Sri Lankan PM: Economy has collapsed
The Island is facing its worst-ever economic crisis.
Sri Lanka's debt-ridden economy has "collapsed" following months of food, gasoline, and energy shortages, the prime minister told parliament, emphasizing the country's precarious predicament as it seeks assistance from foreign lenders.
Sri Lanka is experiencing its worst economic crisis, with the country unable to import basic necessities, most notably food, fuel, and medicines.
Ranil Wickremesinghe told parliament that the South Asian country is in a "far more serious situation" than only food shortages, and he warned of a "possible fall to rock bottom."
On Wednesday, he said, "Our economy has completely collapsed."
His remarks appeared to be meant to emphasize to critics and opposition politicians that he has inherited a difficult challenge that would take time to resolve.
Anit Mukherjee, a policy fellow and economist at the Center for Global Development in Washington, stated the PM was "setting expectations really, really low."
The Sri Lankan economy is collapsing under the weight of massive debts, reduced tourism earnings, and other pandemic-related repercussions, as well as rising commodity prices. As a result, the country is on the verge of bankruptcy, with little money to import fuel, milk, cooking gas, and toilet paper.
Lawmakers from the two main opposition parties are boycotting parliament this week in protest of Wickremesinghe, who became Prime Minister and Finance Minister a little over a month ago, for failing to deliver on his promises to turn the economy around.

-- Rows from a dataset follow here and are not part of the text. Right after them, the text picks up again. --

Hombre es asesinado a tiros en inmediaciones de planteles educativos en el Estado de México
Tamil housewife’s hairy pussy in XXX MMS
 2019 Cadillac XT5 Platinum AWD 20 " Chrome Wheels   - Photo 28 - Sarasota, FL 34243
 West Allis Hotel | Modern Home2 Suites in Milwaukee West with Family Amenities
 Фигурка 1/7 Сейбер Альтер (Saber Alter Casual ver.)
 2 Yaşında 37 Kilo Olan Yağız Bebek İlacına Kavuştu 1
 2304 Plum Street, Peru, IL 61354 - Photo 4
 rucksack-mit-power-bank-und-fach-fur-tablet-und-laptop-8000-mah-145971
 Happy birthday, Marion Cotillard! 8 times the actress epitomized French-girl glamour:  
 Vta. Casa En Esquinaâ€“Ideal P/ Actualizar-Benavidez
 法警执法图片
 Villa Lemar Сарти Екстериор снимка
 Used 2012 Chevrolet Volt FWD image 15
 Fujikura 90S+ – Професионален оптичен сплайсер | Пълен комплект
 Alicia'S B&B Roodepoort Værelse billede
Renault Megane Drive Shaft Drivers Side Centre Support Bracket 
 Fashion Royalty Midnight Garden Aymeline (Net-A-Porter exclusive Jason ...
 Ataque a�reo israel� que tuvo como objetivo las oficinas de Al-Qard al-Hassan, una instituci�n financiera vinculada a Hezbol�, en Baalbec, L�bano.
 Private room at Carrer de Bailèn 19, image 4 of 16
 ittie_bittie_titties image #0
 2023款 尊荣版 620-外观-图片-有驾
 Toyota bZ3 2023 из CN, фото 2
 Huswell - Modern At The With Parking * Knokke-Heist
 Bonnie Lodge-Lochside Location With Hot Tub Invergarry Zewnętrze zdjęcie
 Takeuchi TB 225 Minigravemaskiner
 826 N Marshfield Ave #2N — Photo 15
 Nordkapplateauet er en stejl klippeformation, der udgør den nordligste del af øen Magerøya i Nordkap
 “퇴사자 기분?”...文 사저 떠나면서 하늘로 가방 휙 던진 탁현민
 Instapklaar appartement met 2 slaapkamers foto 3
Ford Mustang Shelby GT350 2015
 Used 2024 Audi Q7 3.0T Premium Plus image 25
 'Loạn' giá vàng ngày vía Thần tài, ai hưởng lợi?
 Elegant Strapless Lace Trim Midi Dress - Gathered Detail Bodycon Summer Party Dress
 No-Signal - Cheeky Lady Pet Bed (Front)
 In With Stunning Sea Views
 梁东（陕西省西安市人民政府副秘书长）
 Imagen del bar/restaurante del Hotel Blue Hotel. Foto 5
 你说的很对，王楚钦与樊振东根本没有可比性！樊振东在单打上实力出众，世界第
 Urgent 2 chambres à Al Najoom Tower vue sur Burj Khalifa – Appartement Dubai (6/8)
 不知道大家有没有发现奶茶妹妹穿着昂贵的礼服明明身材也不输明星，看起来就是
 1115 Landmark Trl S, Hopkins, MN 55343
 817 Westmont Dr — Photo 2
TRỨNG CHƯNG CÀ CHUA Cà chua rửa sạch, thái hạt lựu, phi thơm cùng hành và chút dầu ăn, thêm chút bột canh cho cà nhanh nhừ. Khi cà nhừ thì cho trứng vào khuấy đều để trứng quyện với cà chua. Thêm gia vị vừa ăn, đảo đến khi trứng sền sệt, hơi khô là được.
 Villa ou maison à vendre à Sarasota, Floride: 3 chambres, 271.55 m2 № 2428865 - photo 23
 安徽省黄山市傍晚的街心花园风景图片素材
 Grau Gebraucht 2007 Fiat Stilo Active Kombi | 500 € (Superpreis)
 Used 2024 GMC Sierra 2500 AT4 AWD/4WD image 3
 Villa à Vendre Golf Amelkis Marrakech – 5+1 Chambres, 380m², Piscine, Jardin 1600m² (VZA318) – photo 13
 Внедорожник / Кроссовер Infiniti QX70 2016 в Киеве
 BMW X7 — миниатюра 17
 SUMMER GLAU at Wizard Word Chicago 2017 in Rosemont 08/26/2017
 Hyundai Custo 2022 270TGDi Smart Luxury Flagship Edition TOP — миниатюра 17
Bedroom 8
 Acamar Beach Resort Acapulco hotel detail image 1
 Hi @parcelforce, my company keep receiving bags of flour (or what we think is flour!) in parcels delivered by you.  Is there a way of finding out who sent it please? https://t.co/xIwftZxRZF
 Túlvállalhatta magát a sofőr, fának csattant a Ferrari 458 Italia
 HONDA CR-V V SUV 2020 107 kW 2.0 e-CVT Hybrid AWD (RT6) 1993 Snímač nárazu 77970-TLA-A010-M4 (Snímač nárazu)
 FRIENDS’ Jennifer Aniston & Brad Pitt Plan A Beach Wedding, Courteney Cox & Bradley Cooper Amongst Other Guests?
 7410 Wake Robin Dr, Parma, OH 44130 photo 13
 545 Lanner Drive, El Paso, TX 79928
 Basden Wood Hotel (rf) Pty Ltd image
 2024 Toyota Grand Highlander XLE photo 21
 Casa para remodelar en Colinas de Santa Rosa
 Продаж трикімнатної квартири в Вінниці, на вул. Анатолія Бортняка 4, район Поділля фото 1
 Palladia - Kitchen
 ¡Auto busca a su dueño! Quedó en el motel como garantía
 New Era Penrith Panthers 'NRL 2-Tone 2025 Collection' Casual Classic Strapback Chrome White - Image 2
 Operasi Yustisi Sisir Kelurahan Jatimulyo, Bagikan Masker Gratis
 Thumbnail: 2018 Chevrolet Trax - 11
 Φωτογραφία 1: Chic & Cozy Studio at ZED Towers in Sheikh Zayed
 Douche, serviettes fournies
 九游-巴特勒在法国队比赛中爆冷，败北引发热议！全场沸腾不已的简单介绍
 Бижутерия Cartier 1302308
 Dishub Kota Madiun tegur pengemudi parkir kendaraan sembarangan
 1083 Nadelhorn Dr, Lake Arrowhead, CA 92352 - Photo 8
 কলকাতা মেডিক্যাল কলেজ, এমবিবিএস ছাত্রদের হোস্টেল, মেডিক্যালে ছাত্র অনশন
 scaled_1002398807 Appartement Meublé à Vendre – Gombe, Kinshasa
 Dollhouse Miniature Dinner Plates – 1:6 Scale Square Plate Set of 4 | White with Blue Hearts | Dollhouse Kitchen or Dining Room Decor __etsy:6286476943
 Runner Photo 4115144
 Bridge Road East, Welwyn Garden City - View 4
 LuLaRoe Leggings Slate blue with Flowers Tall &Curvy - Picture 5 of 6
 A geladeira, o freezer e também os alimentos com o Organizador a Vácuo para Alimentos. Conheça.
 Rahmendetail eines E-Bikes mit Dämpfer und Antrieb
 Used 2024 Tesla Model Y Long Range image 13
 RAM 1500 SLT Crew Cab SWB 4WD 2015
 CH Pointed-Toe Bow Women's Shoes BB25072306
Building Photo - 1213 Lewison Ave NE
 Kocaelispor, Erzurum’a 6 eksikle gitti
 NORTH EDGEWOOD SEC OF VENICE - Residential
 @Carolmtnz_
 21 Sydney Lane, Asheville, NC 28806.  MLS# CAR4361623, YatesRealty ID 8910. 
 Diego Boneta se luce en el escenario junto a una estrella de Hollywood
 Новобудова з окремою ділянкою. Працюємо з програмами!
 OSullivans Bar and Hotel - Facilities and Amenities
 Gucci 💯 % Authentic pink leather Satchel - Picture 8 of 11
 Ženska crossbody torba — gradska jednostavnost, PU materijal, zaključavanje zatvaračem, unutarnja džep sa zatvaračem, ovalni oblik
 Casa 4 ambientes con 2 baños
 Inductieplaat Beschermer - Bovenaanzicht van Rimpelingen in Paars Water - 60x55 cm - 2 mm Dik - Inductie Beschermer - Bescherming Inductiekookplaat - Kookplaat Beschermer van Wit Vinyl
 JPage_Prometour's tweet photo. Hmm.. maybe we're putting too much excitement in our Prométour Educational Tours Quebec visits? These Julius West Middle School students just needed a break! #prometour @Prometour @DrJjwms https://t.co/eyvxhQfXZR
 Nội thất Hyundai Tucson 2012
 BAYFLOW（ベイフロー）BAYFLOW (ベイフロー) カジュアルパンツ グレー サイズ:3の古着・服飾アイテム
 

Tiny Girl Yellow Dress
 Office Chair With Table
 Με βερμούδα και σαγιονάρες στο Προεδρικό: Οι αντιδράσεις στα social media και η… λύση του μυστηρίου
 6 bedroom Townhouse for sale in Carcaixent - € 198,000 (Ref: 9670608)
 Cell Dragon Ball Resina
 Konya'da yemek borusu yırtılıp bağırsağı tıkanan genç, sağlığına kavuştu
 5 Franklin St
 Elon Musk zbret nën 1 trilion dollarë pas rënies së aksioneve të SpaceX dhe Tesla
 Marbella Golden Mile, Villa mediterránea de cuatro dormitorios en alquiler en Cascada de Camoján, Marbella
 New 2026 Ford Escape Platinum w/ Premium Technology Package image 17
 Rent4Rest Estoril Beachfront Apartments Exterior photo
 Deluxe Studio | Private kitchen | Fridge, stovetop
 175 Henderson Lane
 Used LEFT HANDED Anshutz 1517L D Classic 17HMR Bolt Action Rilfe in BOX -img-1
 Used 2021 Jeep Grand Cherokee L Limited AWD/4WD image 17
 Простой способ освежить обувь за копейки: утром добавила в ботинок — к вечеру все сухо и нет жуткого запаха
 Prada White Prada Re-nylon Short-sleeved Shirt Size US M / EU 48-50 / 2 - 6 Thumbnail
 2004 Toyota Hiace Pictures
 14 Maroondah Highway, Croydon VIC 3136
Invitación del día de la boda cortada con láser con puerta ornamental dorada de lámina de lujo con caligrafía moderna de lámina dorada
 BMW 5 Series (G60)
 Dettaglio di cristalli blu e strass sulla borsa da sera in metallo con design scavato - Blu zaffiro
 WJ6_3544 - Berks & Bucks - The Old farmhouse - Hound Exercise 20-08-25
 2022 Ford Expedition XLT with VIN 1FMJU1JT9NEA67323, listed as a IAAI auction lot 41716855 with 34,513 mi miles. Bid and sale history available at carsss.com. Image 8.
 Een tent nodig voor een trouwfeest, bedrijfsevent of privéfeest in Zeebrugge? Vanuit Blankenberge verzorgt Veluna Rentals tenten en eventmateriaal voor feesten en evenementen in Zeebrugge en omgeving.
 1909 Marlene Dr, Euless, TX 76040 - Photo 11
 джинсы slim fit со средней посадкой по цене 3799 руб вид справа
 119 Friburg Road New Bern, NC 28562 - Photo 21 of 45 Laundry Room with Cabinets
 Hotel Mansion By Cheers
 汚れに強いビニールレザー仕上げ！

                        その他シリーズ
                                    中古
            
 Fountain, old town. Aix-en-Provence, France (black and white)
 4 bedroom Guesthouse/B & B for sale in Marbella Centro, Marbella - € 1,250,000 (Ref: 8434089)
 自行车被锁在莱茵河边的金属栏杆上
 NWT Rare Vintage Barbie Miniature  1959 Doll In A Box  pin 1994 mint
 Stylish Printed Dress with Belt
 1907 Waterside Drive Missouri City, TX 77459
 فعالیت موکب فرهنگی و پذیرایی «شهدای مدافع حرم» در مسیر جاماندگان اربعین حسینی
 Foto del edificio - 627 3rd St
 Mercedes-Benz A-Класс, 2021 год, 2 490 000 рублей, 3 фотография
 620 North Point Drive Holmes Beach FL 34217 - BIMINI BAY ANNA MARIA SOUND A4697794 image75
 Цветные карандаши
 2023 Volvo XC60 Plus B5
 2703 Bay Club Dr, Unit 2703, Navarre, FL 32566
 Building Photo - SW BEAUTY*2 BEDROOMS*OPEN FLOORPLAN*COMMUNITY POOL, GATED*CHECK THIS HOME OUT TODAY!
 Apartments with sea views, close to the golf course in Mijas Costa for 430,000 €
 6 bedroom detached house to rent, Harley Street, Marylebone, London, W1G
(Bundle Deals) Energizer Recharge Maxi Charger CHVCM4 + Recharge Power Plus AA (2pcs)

Wickremesinghe stated that due to a large debt owed by its petroleum firm, Sri Lanka is unable to acquire foreign fuel.
Days ago, Sri Lankan officials reported that the military opened fire to quell rioting at a fuel station, as unprecedented lines for petrol and diesel formed across the bankrupt country.
The country's 22 million people have been suffering from acute shortages and long lines for scarce supplies, while President Gotabaya Rajapaksa has resisted calls to resign over mismanagement for months.
In addition, the country is experiencing record-high inflation and lengthy power outages, all of which have contributed to months of protests.
It has also defaulted on its $51 billion foreign debt in April and is negotiating a bailout with the International Monetary Fund.